Your assignment —
Once you reach the line containing "Bank Turquoise 250 x 77 x 76 cm Fluweel", return it and every line after it exactly, through the end of the records below, with no pictures.

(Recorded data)
▼
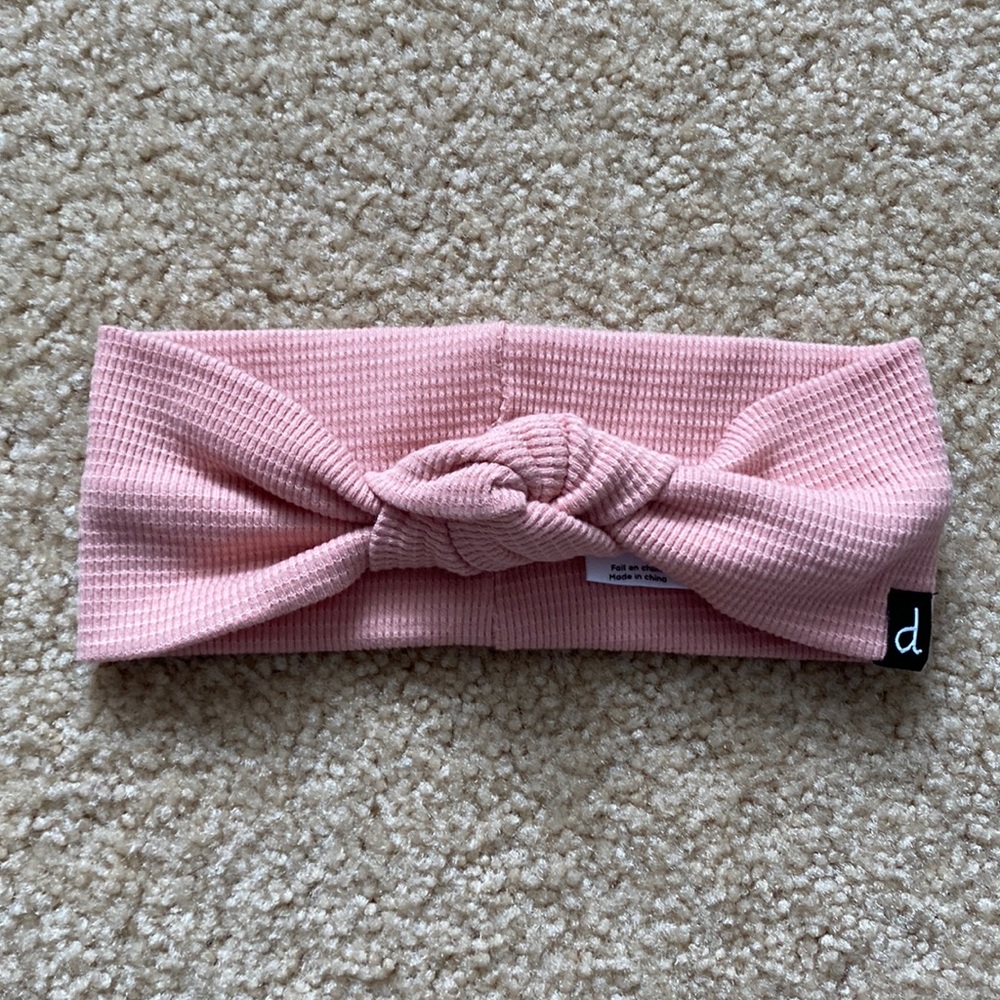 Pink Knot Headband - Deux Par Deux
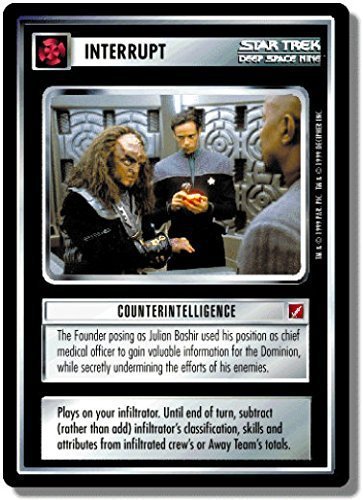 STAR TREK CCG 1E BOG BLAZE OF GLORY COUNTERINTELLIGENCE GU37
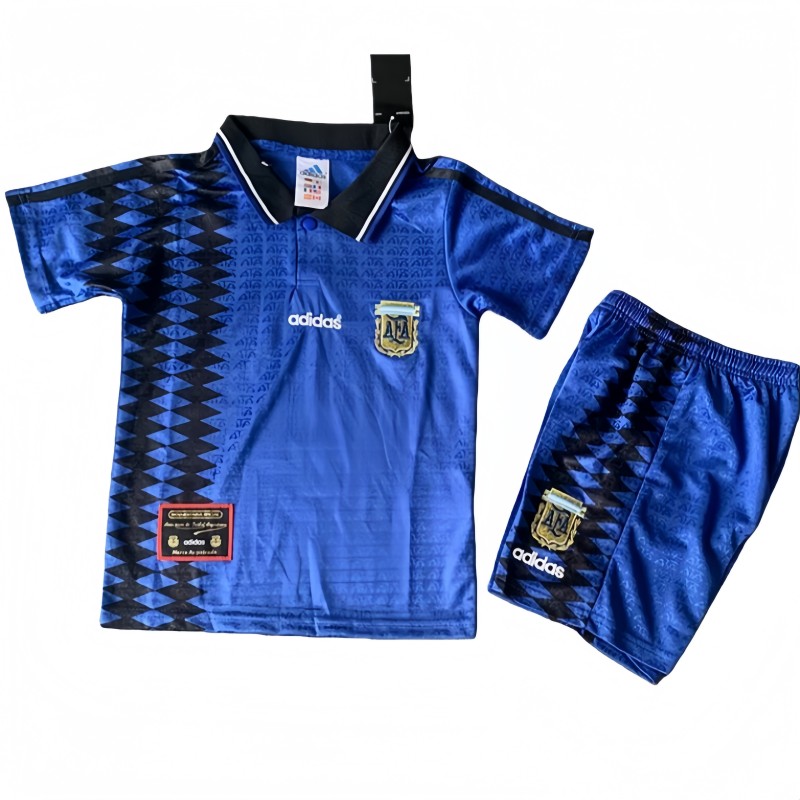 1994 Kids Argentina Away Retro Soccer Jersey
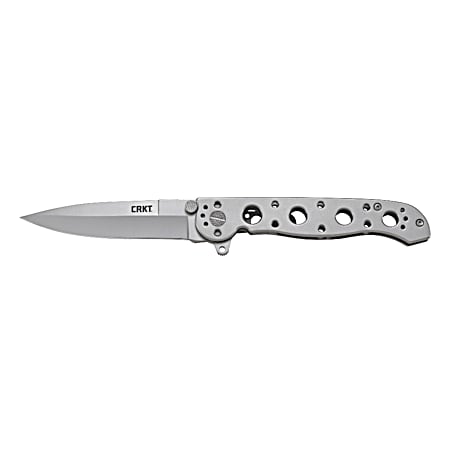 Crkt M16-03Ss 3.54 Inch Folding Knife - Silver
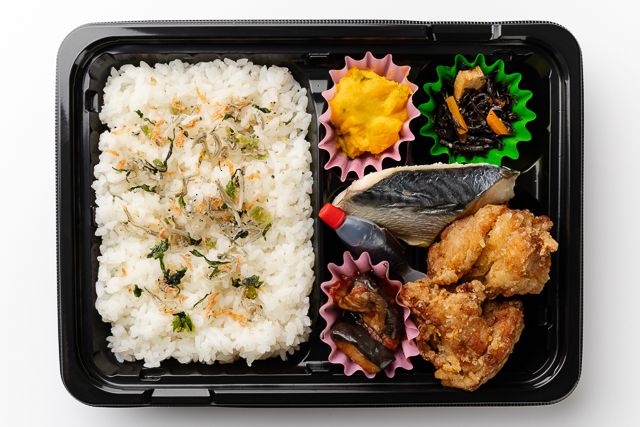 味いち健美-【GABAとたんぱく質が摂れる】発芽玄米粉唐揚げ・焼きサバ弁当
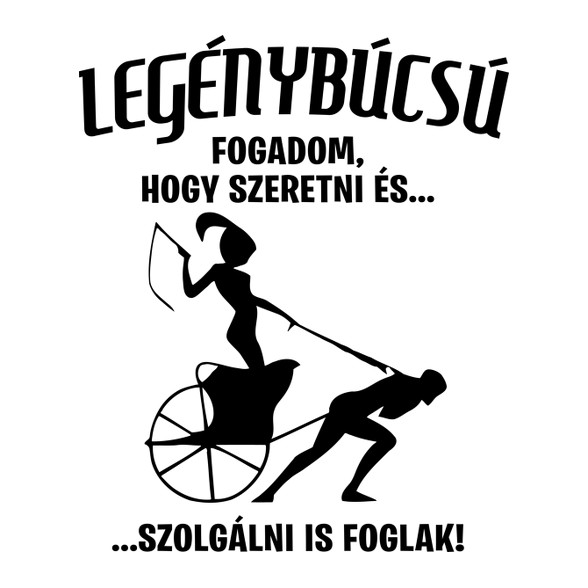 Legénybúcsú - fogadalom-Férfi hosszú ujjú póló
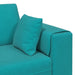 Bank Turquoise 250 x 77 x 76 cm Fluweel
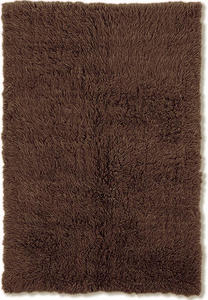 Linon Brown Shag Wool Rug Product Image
▲
Exercise output —
 Bank Turquoise 250 x 77 x 76 cm Fluweel
 Linon Brown Shag Wool Rug Product Image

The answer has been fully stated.